TASK BRIEF
With the pictures left out, transcribe exactly the lines from the one with "So EBSCO makes" through the end of the data.

INFORMATION SHOWN
------------------------------
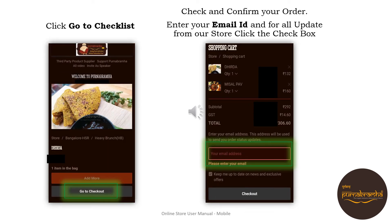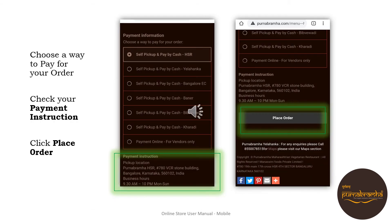Click 'Go to Checklist' to check and confirm your order. Enter your email ID, and click the checkbox to receive all updates from our store. Choose a way to pay for your order and check your payment instructions.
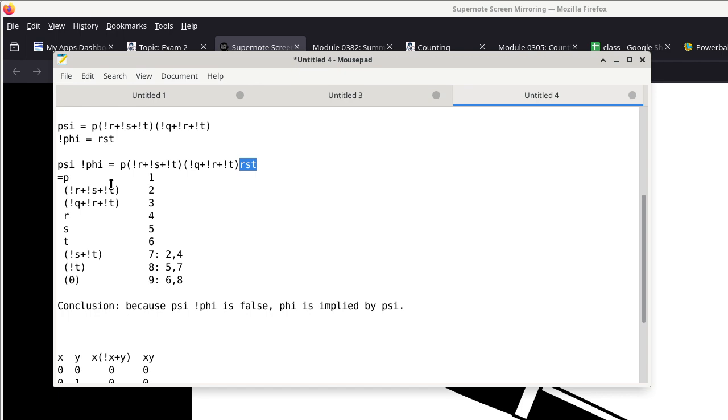The bottom line is: because psi and not phi is false — we just proved that — then phi is implied by psi because of proof by contradiction. I'll pause here and see if there are any questions about the solution to the homework assignment.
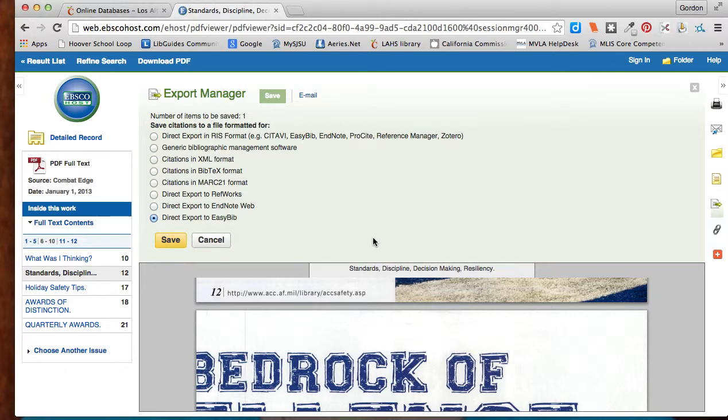So EBSCO makes it very easy to find quality articles along these lines.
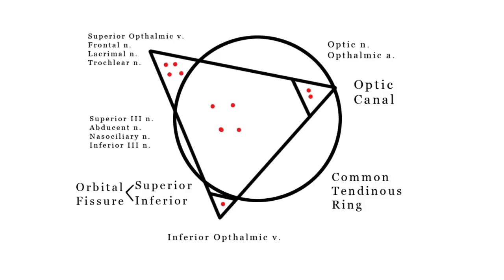Here we have in the superior orbital fissure outside the common tendinous ring: our superior ophthalmic vein, frontal nerve, lacrimal nerve, and trochlear nerve.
------------------------------
TASK RESPONSE
So EBSCO makes it very easy to find quality articles along these lines.
Here we have in the superior orbital fissure outside the common tendinous ring: our superior ophthalmic vein, frontal nerve, lacrimal nerve, and trochlear nerve.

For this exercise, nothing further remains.